_TASK GOAL_
Each line below from the one containing "Technician inspecting an" through the one containing "Žena s dlhými" is to be given again exactly, and no line outside that span.

BEGIN PROVIDED MATERIAL

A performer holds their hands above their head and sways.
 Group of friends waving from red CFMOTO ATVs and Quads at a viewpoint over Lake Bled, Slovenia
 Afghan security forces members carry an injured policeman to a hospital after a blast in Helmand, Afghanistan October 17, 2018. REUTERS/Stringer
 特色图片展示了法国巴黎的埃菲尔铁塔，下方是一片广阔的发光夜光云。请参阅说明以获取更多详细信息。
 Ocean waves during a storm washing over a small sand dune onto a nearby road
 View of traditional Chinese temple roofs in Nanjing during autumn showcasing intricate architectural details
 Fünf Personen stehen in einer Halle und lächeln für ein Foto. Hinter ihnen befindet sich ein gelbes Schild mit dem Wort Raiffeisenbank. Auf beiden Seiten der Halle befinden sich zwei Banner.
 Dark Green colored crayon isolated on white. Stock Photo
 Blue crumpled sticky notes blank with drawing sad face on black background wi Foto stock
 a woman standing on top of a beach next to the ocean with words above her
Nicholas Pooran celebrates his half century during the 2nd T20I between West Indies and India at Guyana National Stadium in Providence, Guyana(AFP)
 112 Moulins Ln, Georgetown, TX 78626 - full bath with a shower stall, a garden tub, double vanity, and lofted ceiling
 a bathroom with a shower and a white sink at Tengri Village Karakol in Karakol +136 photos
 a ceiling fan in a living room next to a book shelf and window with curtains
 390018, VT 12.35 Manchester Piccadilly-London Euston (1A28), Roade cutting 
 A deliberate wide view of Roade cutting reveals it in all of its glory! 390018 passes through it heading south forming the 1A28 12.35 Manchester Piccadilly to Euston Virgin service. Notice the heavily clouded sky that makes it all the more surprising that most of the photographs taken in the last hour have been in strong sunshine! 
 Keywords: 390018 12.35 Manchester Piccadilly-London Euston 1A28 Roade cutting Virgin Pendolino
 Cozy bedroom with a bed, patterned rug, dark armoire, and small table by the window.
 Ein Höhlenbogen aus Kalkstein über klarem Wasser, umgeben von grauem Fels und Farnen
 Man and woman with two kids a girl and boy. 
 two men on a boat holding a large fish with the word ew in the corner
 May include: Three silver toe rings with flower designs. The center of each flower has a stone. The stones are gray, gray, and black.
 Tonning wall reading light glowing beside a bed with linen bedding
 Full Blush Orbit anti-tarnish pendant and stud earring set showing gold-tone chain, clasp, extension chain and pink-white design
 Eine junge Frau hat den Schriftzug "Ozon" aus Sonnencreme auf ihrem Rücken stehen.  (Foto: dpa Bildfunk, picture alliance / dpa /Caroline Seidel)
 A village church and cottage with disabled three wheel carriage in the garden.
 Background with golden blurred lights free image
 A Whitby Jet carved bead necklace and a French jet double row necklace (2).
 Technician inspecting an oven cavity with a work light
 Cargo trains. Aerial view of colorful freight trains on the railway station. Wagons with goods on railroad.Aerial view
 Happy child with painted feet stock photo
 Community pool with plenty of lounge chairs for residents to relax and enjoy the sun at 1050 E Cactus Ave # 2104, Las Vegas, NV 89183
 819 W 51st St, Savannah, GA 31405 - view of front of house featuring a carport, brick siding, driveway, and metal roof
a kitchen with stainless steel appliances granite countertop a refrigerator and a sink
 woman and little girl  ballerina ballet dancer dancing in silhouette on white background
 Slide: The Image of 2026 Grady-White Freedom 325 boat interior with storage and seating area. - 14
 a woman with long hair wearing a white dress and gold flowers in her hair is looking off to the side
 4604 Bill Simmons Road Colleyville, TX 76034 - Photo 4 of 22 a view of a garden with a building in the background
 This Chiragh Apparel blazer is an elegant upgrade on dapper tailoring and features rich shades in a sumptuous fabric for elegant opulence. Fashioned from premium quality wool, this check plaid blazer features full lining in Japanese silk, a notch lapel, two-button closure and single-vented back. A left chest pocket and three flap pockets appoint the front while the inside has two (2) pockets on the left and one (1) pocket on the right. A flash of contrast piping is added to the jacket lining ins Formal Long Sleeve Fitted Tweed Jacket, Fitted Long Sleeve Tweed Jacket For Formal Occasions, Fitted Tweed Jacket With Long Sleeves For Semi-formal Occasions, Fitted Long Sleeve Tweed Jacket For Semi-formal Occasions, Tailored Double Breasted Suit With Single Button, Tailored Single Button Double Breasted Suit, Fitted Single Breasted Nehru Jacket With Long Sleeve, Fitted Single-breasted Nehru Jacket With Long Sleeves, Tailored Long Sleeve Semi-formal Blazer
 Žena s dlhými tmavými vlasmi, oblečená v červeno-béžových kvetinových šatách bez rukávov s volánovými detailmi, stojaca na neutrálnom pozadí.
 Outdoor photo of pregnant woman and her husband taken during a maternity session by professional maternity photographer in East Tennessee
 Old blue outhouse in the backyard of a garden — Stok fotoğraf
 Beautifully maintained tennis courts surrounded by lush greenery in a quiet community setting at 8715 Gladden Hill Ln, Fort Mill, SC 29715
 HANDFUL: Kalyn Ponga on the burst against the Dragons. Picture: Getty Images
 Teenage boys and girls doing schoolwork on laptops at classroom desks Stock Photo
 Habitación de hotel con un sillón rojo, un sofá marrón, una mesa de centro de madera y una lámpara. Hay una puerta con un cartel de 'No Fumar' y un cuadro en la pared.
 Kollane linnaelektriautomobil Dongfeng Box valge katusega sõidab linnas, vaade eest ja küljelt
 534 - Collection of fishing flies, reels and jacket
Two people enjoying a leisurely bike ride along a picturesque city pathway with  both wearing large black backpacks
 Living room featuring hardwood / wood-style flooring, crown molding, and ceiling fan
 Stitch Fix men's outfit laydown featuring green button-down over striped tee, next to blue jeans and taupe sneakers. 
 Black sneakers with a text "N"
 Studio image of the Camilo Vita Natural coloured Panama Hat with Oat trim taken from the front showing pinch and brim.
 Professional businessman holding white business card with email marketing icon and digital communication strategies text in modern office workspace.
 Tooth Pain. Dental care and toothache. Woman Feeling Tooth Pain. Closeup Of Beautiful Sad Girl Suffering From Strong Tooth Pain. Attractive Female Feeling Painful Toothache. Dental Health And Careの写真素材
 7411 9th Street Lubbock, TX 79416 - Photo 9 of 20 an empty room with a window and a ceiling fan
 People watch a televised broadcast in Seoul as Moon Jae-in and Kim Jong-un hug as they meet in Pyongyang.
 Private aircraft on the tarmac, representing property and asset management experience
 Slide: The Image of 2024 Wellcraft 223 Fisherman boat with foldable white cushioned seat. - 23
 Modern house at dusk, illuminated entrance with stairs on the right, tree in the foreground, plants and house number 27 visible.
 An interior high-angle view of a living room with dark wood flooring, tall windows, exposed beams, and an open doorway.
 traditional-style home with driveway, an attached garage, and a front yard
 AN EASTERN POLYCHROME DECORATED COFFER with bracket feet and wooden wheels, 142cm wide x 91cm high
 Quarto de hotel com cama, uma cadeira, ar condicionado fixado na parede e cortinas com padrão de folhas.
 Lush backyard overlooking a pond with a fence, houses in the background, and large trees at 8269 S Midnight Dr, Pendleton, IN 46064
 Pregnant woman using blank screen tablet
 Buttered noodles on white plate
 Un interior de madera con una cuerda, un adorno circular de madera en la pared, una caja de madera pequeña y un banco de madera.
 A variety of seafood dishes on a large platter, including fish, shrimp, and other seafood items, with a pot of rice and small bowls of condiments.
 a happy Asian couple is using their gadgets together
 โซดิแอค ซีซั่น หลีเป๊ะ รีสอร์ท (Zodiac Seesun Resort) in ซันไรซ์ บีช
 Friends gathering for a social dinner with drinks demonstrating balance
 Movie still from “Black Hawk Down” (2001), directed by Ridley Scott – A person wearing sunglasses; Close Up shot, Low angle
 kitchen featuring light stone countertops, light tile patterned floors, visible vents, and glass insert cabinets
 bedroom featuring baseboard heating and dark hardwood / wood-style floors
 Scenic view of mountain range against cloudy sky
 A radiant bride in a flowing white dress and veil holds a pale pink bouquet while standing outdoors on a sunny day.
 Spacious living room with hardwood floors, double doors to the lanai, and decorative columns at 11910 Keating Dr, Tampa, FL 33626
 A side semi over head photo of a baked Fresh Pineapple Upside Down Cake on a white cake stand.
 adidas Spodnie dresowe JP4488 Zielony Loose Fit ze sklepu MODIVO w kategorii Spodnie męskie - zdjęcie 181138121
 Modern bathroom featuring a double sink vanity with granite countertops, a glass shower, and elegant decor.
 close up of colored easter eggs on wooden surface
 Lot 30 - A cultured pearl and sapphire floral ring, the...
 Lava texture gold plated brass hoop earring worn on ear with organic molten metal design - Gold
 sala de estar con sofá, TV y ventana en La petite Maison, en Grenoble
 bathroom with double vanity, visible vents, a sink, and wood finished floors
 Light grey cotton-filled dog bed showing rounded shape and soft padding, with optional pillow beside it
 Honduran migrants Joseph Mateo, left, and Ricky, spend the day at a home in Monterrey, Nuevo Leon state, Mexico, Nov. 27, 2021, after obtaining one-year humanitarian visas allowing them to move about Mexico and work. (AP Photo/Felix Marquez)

END PROVIDED MATERIAL

_RESPONSE BELOW_
 Technician inspecting an oven cavity with a work light
 Cargo trains. Aerial view of colorful freight trains on the railway station. Wagons with goods on railroad.Aerial view
 Happy child with painted feet stock photo
 Community pool with plenty of lounge chairs for residents to relax and enjoy the sun at 1050 E Cactus Ave # 2104, Las Vegas, NV 89183
 819 W 51st St, Savannah, GA 31405 - view of front of house featuring a carport, brick siding, driveway, and metal roof
a kitchen with stainless steel appliances granite countertop a refrigerator and a sink
 woman and little girl  ballerina ballet dancer dancing in silhouette on white background
 Slide: The Image of 2026 Grady-White Freedom 325 boat interior with storage and seating area. - 14
 a woman with long hair wearing a white dress and gold flowers in her hair is looking off to the side
 4604 Bill Simmons Road Colleyville, TX 76034 - Photo 4 of 22 a view of a garden with a building in the background
 This Chiragh Apparel blazer is an elegant upgrade on dapper tailoring and features rich shades in a sumptuous fabric for elegant opulence. Fashioned from premium quality wool, this check plaid blazer features full lining in Japanese silk, a notch lapel, two-button closure and single-vented back. A left chest pocket and three flap pockets appoint the front while the inside has two (2) pockets on the left and one (1) pocket on the right. A flash of contrast piping is added to the jacket lining ins Formal Long Sleeve Fitted Tweed Jacket, Fitted Long Sleeve Tweed Jacket For Formal Occasions, Fitted Tweed Jacket With Long Sleeves For Semi-formal Occasions, Fitted Long Sleeve Tweed Jacket For Semi-formal Occasions, Tailored Double Breasted Suit With Single Button, Tailored Single Button Double Breasted Suit, Fitted Single Breasted Nehru Jacket With Long Sleeve, Fitted Single-breasted Nehru Jacket With Long Sleeves, Tailored Long Sleeve Semi-formal Blazer
 Žena s dlhými tmavými vlasmi, oblečená v červeno-béžových kvetinových šatách bez rukávov s volánovými detailmi, stojaca na neutrálnom pozadí.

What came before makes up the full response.